The property in question is primarily in Everett but it straddles the Boston line; some of the 45 acres are taken up by an Eversource switching station that will remain, and one piece of the site is actually in the river. Constellation is keeping an adjacent site with two newer electricity-generating units, known as 8 and 9, that are natural gas-fired. But even those are scheduled to be retired in spring 2024, and the future of that section remains unknown at this time.
Everett Mayor Carlo DeMaria has long had his eyes on the decommissioned plant property, hoping it can become part of an entertainment district along Lower Broadway with restaurants, hotels, and other venues — building off the casino’s success and replacing the gritty industrial uses that once lined the thoroughfare.
In 2021, city officials included the 45-acre area within an urban renewal district, essentially giving them the right to take it by eminent domain if necessary. That decision apparently sparked Constellation to put the decommissioned portion of the property up for sale last year, when the energy company hired a team with brokerage CBRE led by Scott Dragos. While the resulting contest was competitive, it’s unclear how many other bidders submitted offers.
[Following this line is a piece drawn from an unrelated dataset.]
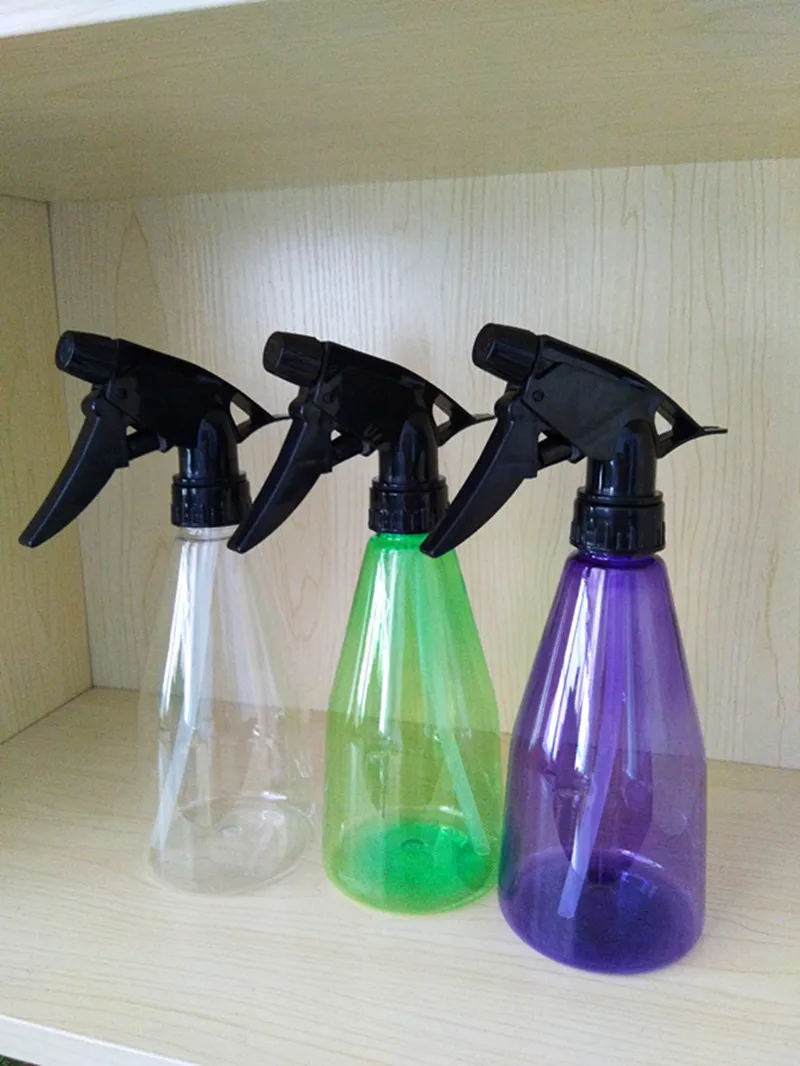 

10ps/lot High quality cheap empty clear green purple 360ml triger plastic spray bottle for kitchen cleaning flower tree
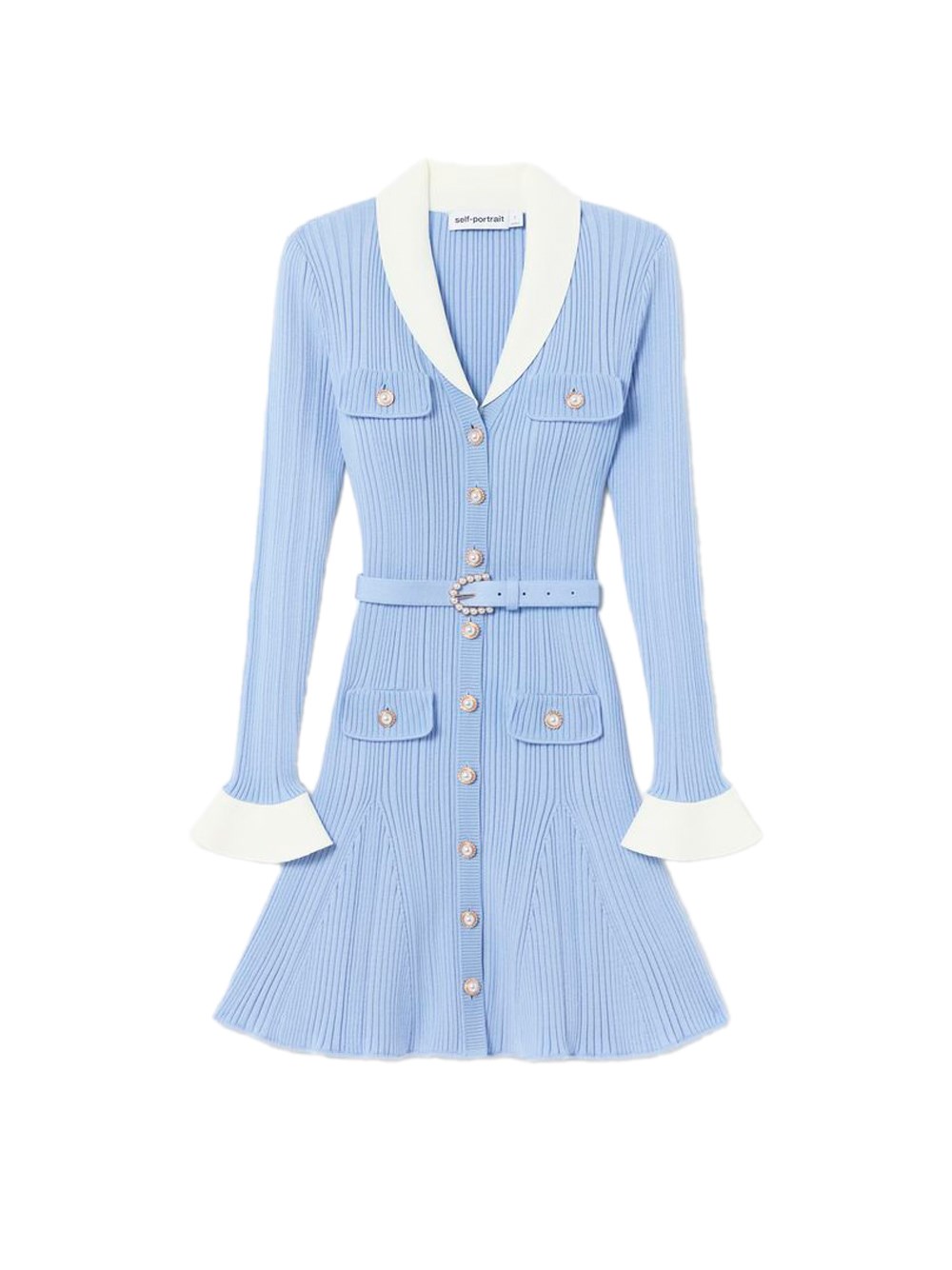Self-Portrait Knit Mini Dress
Even if a deal with the Kraft Group doesn’t come to fruition, Wynn at least knows it now controls the property’s destiny, as the company prepares to develop land across the street from the casino, next door to the Mystic plant. Construction on a parking garage and new events venue with a rooftop “day club” and a bar with sports betting is expected to begin later this year, and will include an overhead walkway across Broadway connecting the casino with the new development.
Simply demolishing the hulking buildings and smokestacks would be an aesthetic improvement for such a prominent site.
“It’s truly our gateway into the city,” said Matt Lattanzi, Everett’s planning director. “It’s the first parcel of land you see entering Everett from Boston. We want it to be something vibrant, something nice.”